Kaum hatten sie Dayr az-Zor erreicht, sind die Männer schon wieder mit dem Bus verschwunden. Nach Bezug der Zimmer macht sie sich auf, sich hier umzusehen. Der soq soll hier zwar nicht so gross sein wie in Halab. Aber deutlich bunter, weil hier die Söhne der Wüste aus der Gegend ihre Waren verkaufen und den Bedarf besorgen.
Sie will sich eindecken mit etwas Proviant für die weitere Reise. Ma, tamar, birra. Hier kann man sich anscheinend richtig unbeliebt machen, wenn man nach birra fragt. Sie sind in einer anderen Zeit und Kultur gelandet. Ältere Frauen hier tragen eine Art Rüschentischdecke über Haupt und Körper.

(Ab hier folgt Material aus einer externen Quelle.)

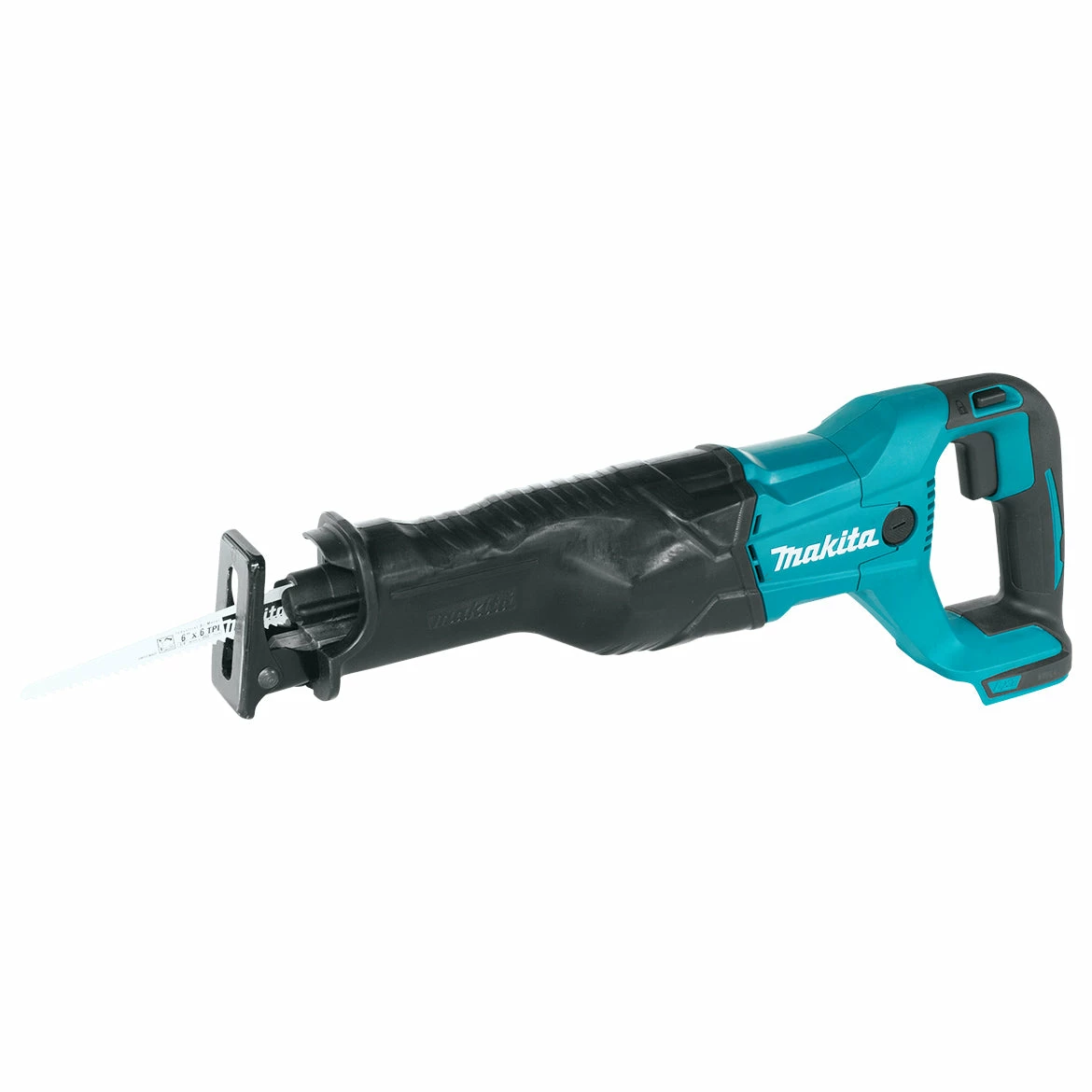 Tools & Equipment Makita XT704 18-Volt 7-Tool 3.0Ah LXT Cordles Drivers And Saws Combo Kit 5 Tools & Equipment Makita XT704 18-Volt 7-Tool 3.0Ah LXT Cordles Drivers And Saws Combo Kit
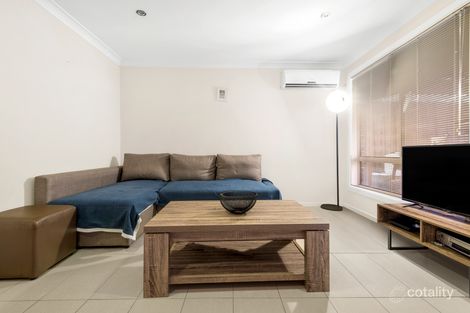 Property photo of 12 Mahon Road Epping VIC 3076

Zwei Geschäfte weiter bietet der Besitzer Alkohol, soweit das Auge reicht. Whiskey und Schnaps, soviel davon, dass man blind werden könne. Sie hat sich gleich mal 4 Stella für die nächsten Tage auf Halde gelegt. Als sie so am Strassenrand sitzt, um darauf zu warten, dass ihre beiden Ahmads wieder mit dem Bus zurückkommen, hält ein Radfahrer. Ein ungewohntes Bild. In manchen arabischen Staaten gilt das Fahrrad als Esel des Satans. Nach der Frage nach dem Woher war eine Laudatio auf Almanyia fällig. Eine Lobeshymne auf Almanyia, Almanyia, Almanyia. Das hat natürlich seinen Preis: sie solle ihm 15 EURO geben. La! Na, dann solle sie ihm eben 15 $ geben. La! Für seine Darbietung hätte er eigentlich mehr verdient.
Mit Ahmad ist sie um 2007 zum Abendessen verabredet. Nicht ganz einfach in diesem eigenartig anmutenden Ort, an Essen zu kommen. Die Restaurants sind hier während des Ramadans komplett geschlossen. Nicht einmal nach Sonnenuntergang findet man hier etwas öffentlich zu essen. Sie geben noch nicht ganz auf, fahren mit dem Taxi in die madina. Einzig ein Laden bietet Pizza Ketchup and some pastries to go. Mit dem Taxi wieder zurück zur Fussgängerbrücke. Der Platz ist eingerichtet für Picknicks unter freiem Himmel. Den Rest des Essens verfüttern sie an die streunenden Katzen, die sich hier auf Essensreste von Picknickern eingerichtet haben. Der Ramadan macht auch ihnen ganz schön zu schaffen. Nach Gesprächen um Leben und Lieben machen sie sich zu Ahmad dem Fahrer auf in einem Cafe. Niemand dort, der sie dort nicht bemerkt. Alle Augenpaare auf sie gerichtet, dringt sie doch in diese exklusive Männerdomäne ein. Auf den Weg zurück ins Hotel Ziad lässt ein Mann von ihr nicht ab. Verfolgt sie, wird schneller. Grabscht sie von hinten. Wow, war sie erschrocken, bleibt abrupt stehen, dreht sich um. Muss ihn angesehen haben. Er weicht zurück. Mit sicherem Abstand blieb er wie angewurzelt stehen. Wie ein ängstliches Tier hat er sie angesehen. Sie wird diesen Blick so schnell nicht vergessen. Setzt ihren Weg fort. Lässt ihn zurück.
Ein Frettchen aufrecht im Mantel der Nacht. Auf der Suche nach leichter Beute. Mäusen. Oder Regenwürmern. Kaninchen wäre es nicht gewachsen. Schwach und hinterlistig nimmt es die Fährte auf. Nicht häufig erhält es diese Möglichkeit. Nur selten verirrt sich leichte Beute hierher. Verfolgt sie. Sich sicher, dass seine Beute nicht im schützenden Verbund unterwegs ist. In der Schutzlosigkeit der Nacht. Sein Puls steigt. Nur wenige Meter. Wird schneller. Ihre Geschwindigkeit unverändernd. Schnappt es sie. Ihre Entschlossenheit eines Kaninchens irritiert es und lässt es zurückweichen. Die Haltung im Schutze des Mantels der Nacht weicht. Der Blick verstört.
Von ihrem Hoteleingang aus sieht sie es noch verschwommen aus sicherer Entfernung an der Stelle, an der sie es zurückgelassen hatte. Es wird diesen Blick so schnell nicht vergessen.